CLL19 yielded 60 barrels per acre in multiple seed production fields across Louisiana, Texas and Missouri, which, according to Famoso, is an extremely high number on hundreds of acres.
“That’s pretty exceptional, and I think it really highlights the yield potential,” said Famoso “There’s a lot of excitement, and we think it’s going to be a pretty impactful variety.”
Even though CLL19 is semi-dwarf, it performed at similar yield levels to standard-height varieties in Arkansas, meaning it might have potential there as well. CLL19 seed will be commercially available in 2024.
Another Clearfield line that may be released soon is CLHA03. It’s a high amylose line, similar to the variety AddiJo, which makes it nonsticky when cooked.
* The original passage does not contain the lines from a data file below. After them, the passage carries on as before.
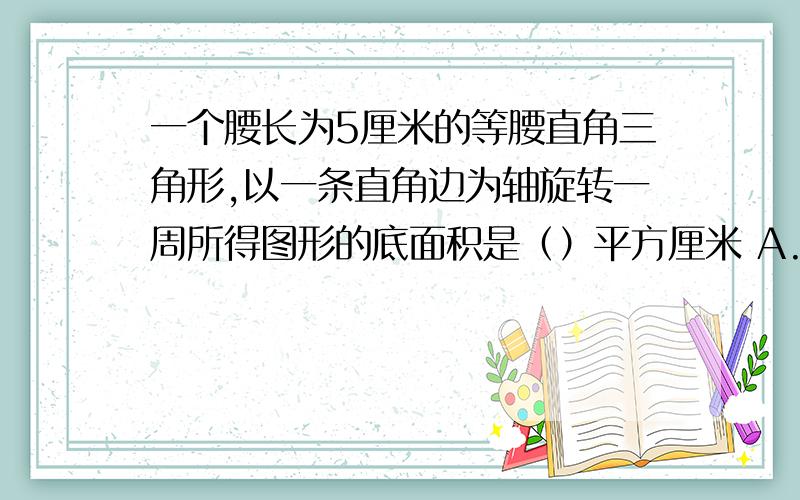 一个腰长为5厘米的等腰直角三角形,以一条直角边为轴旋转一周所得图形的底面积是（）平方厘米 A.314 B.78.5 C.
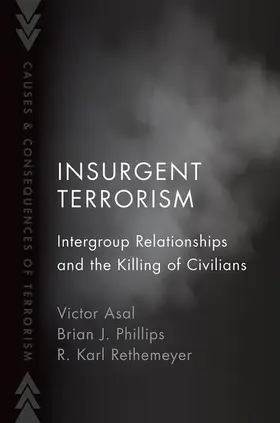 Phillips / Asal / Rethemeyer |  Insurgent Terrorism | Buch |  Sack Fachmedien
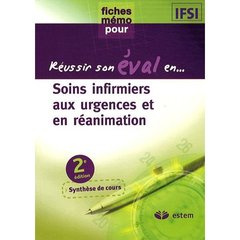 Soins infirmiers aux urgences et réanimation. 2e édition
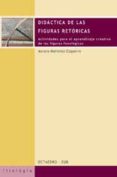 didactica de las figuras retoricas: actividades para el aprendiza je creativo de las figuras fonologicas-aurora martinez ezquerro-9788480635387 didactica de las figuras retoricas: actividades para el aprendiza je creativo de las figuras fonologicas-aurora martinez ezquerro-9788480635387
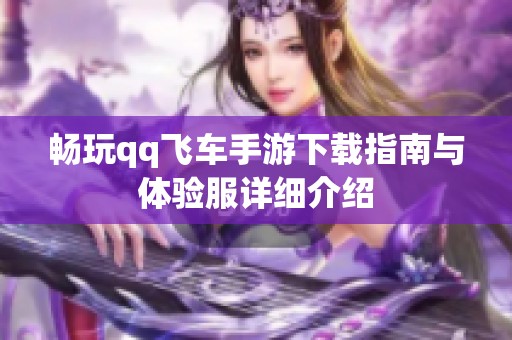 畅玩qq飞车手游下载指南与体验服详细介绍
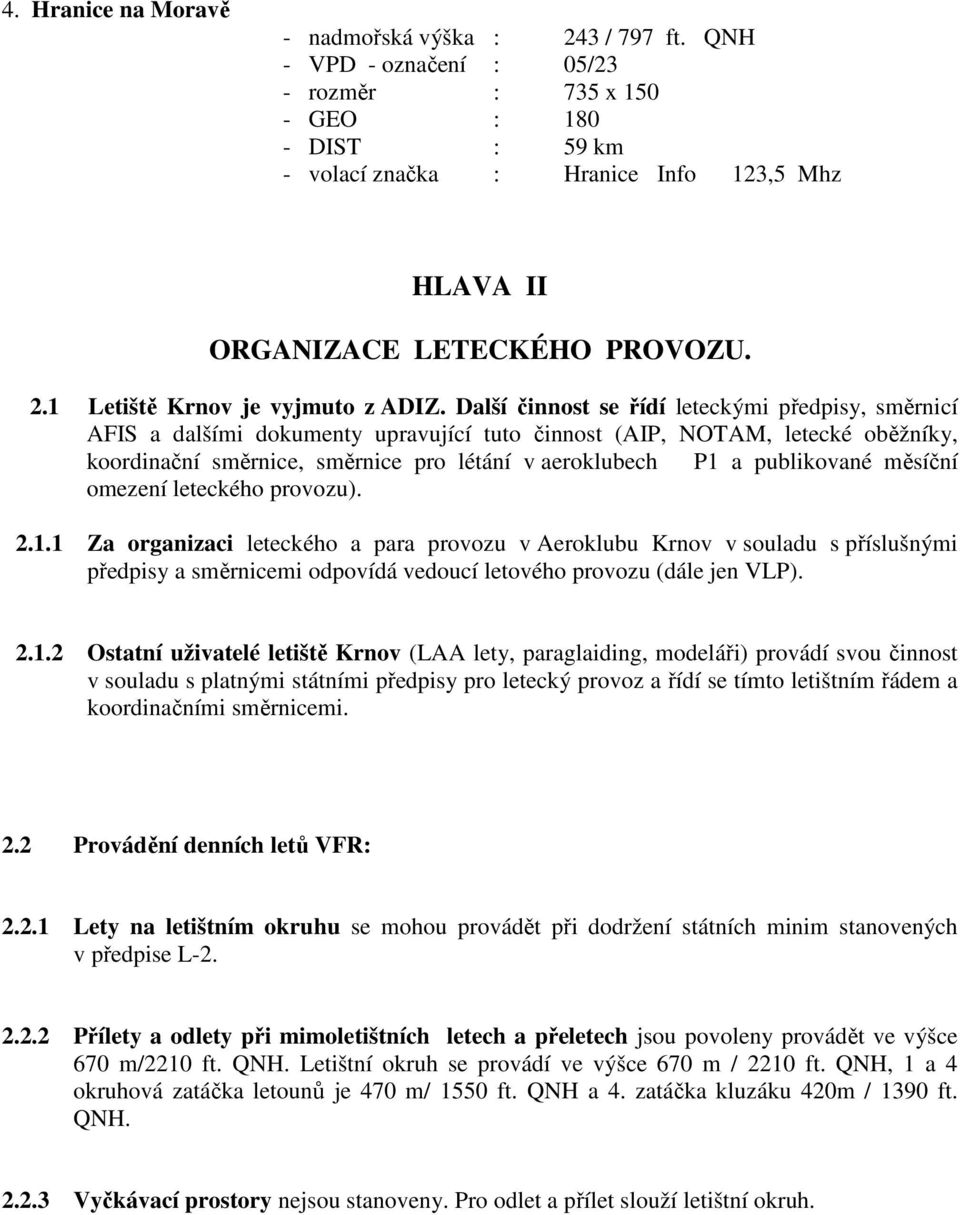 Další činnost se řídí leteckými předpisy, směrnicí AFIS a dalšími dokumenty upravující tuto činnost (AIP, NOTAM, letecké oběžníky, koordinační směrnice, směrnice pro létání v aeroklubech P1 a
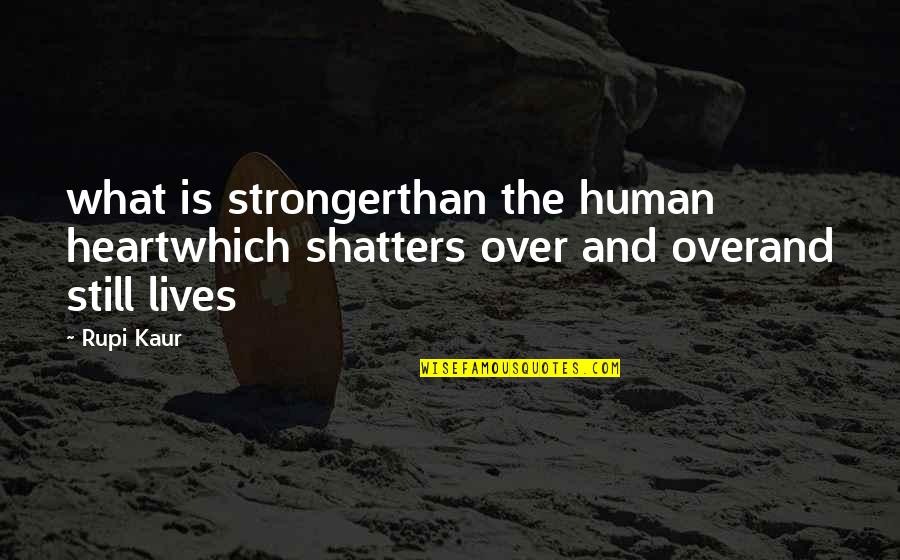 Shatters Quotes By Rupi Kaur: what is strongerthan the human heartwhich shatters over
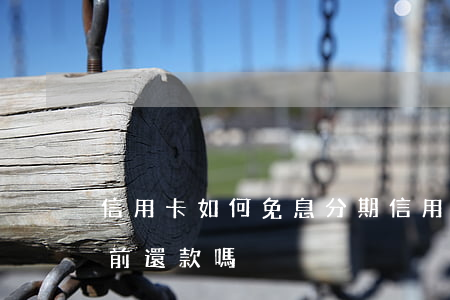 信用卡如何免息分期(信用卡免息分期可以提前還款嗎)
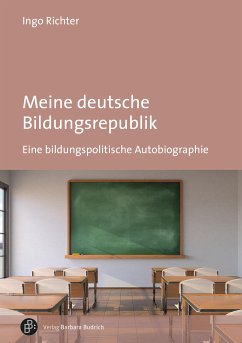 Meine deutsche Bildungsrepublik (eBook, PDF) - Richter, Ingo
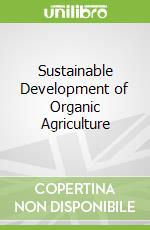 Sustainable Development of Organic Agriculture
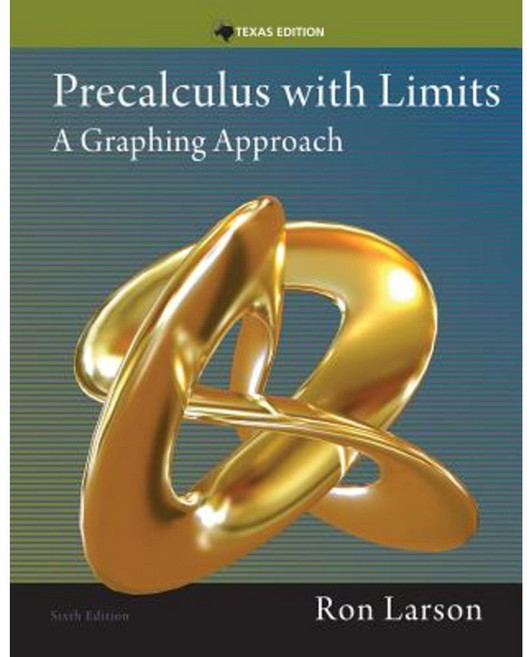 Precalculus with Limits: A Graphing Approach Texas Edition Hardcover, Brooks Cole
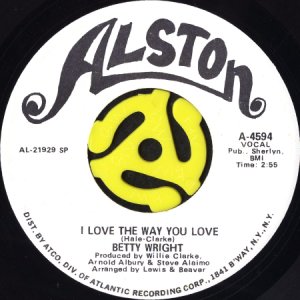 画像1: BETTY WRIGHT / I LOVE THE WAY YOU LOVE (45's) (WHITE PROMO) (1)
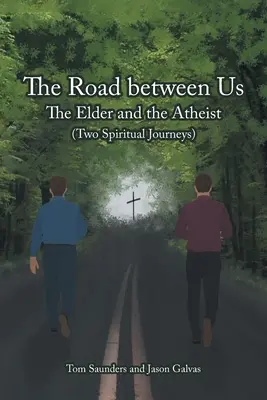 Cesta mezi námi: (Dvě duchovní cesty): Starší a ateista - The Road between Us: The Elder and the Atheist (Two Spiritual Journeys)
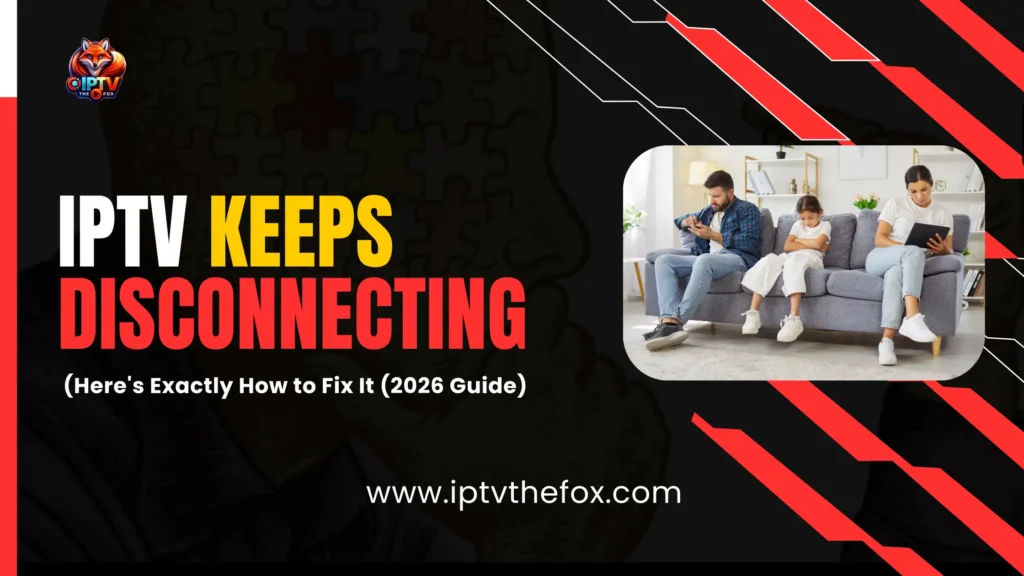 IPTV Keeps Disconnecting Here's Exactly How to Fix It (2026 Guide)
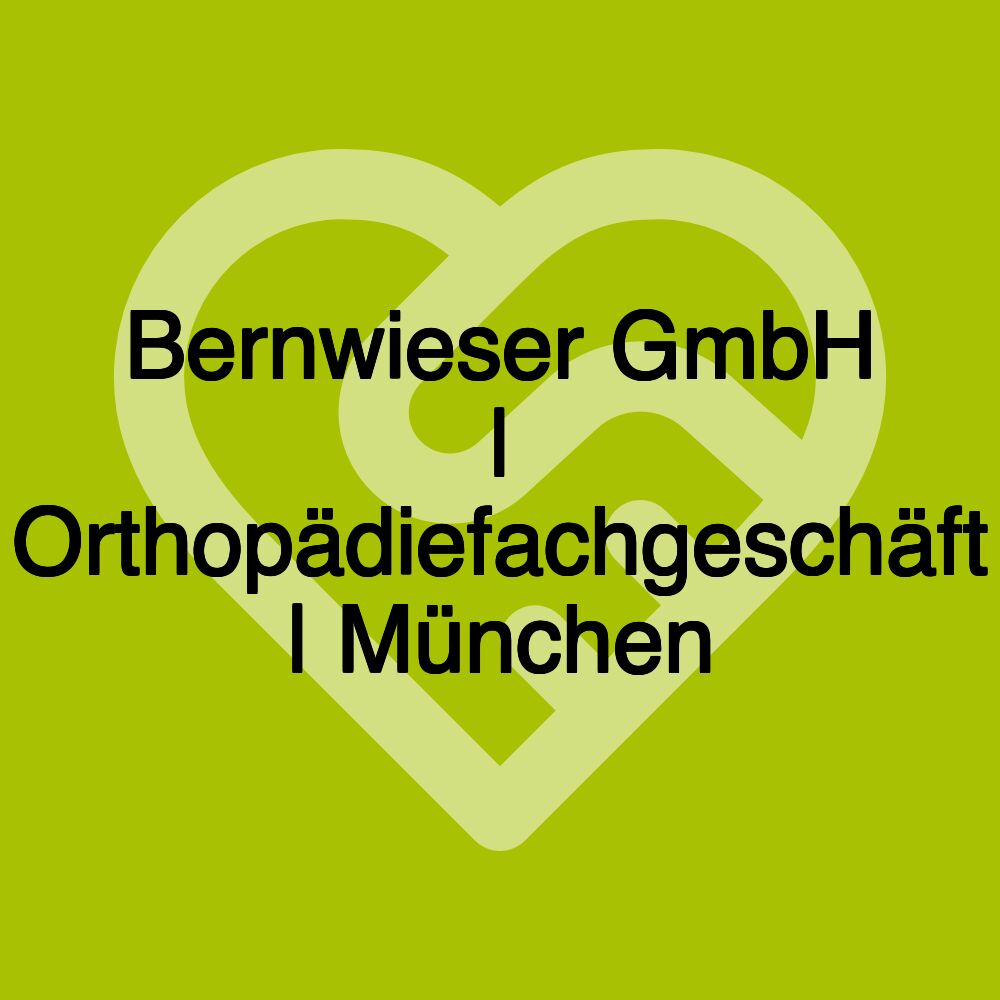 Bernwieser GmbH | Orthopädiefachgeschäft | München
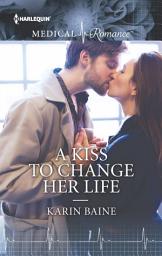 Icon image A Kiss to Change Her Life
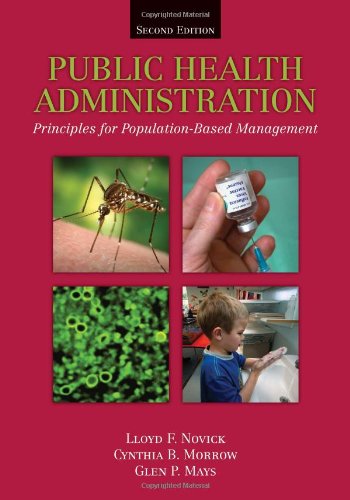 Public Health Administration: Principles For Population-Based Management - Click to Buy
“CLHA03 has good nonstick characteristics for things like parboiling and for some export markets,” said Famoso. “Some of the export markets interested in it are Mexico, Nicaragua, Costa Rica and Honduras.”
Avant is a promising conventional long-grain variety that was introduced into commercial production in 2023.
The crop has a shorter maturity than all existing varieties, had really good yields averaging near 50 barrels per acre and showed good milling properties, according to Famoso.
LA19-2207 is a similar conventional long-grain variety that was in the foundation seed process in 2023. It yielded well and showed very good blast resistance.
“Basically for the first few years LA19-2207 and Avant were neck and neck,” said Famoso. “LA19-2207 yielded right up there with Clearfield lines in 2022, and we’ll try to release it to give the grower some more options in this conventional space.”
The station started a new conventional jasmine line, LA20-2166, that is showing good promise in yield compared to existing jasmine lines CLJ01 and Jazzman1 and could help in the competition with foreign jasmine imports. During foundation seed plantings, it had very good blast resistance and a good grain appearance and aroma, according to Famoso.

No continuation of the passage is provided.